From Ben Marcus' review of Thomas Bernhard's first novel, Frost (just now appearing in English for the first time), in the November issue of Harper's:
…his characters might be regarded as arguments, constructed to stifle any possibility of hope or joy, the opposite of what anyone-anyone, that is, with an interest in self-preservation-should want from a book. They petition, with a barrister’s authority, a bleak space, interrogating the purpose of life and regularly finding it hollow and terrible. "Who had the idea of letting people walk around on the planet," asks the narrator, “or something called a planet, only to put them in a grave, their grave, afterwards?"

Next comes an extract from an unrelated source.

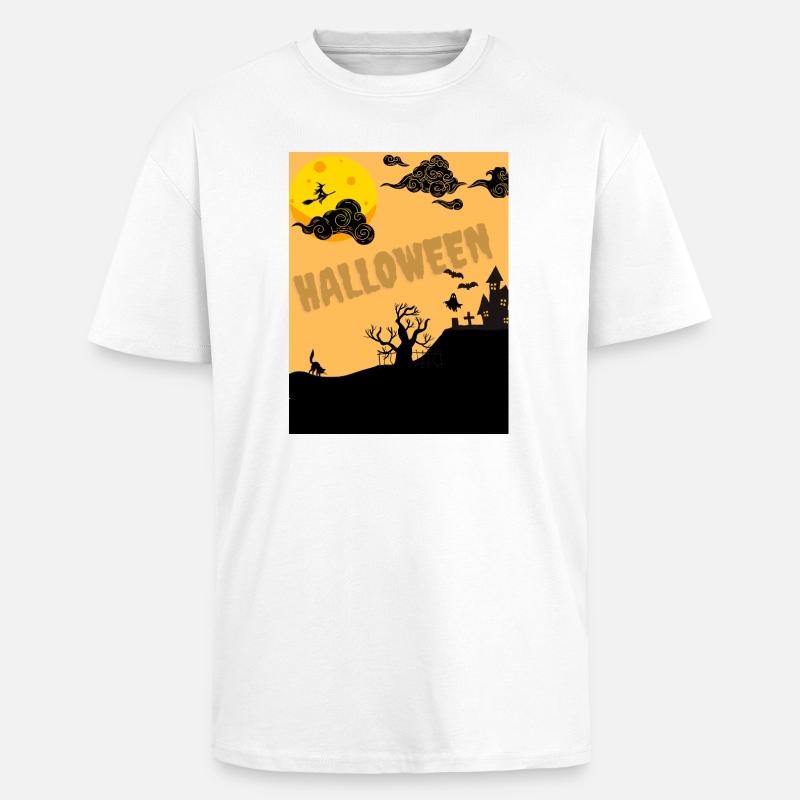 Halloween Silhouette von Moon - Oversized Heavyweight Unisex T-Shirt - Weiß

Who indeed? Yet the technique precisely describes the kind of jeopardy in which Bernhard routinely places his characters, choosing to notice them just when their suffering is at its most intense. This procedure allows readers the unusual experience of witnessing people who operate under virtually no illusions, in the most extreme emotional circumstances, at war with fears that none of us can rightly deny.

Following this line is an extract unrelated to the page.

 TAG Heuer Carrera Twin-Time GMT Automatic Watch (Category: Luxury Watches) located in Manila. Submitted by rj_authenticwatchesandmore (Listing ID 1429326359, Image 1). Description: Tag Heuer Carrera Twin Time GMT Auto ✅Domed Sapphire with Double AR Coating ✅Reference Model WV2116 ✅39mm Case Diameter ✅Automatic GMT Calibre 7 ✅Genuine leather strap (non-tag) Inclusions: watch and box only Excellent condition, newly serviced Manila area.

Bernhard’s mortal impulses place him in the company of another contemporary German-language writer, W. G. Sebald. Both were perfect adherents to Kafka's credo to pursue the negative, because "the positive thing is given to us from the start." Each produced portraits of devastated characters, ruined by both circumstance and self-generated torment, but their techniques diverged in stark ways. Whereas Sebald built a tranquil moat around his characters’ pain, Bernhard wheeled out the catapult and flung his characters into the fire, paying close attention to the sounds of their screams. In Sebald the emotion is buried under the veneer of manner and etiquette, and its repression and concealment create an exquisite pressure. We tiptoe around his characters and their elaborate denial, which, by its very banality, suggests to us extraordinary levels of pain that cannot be etched in language. They are so obliterated as to be beyond direct communication. Instead, they can talk about the flora and fauna in wistful ways, they can reminisce dully, and we are left to infer the depth of their grief. Sebald promoted his credo of subtlety and indirection when he declared that atrocity could not be rendered directly in literature, a rule that would seem to stuff rags into the mouths of Bernhard's characters, who are so far from standing on ceremony that they may as well be crawling on their bellies through the dirt.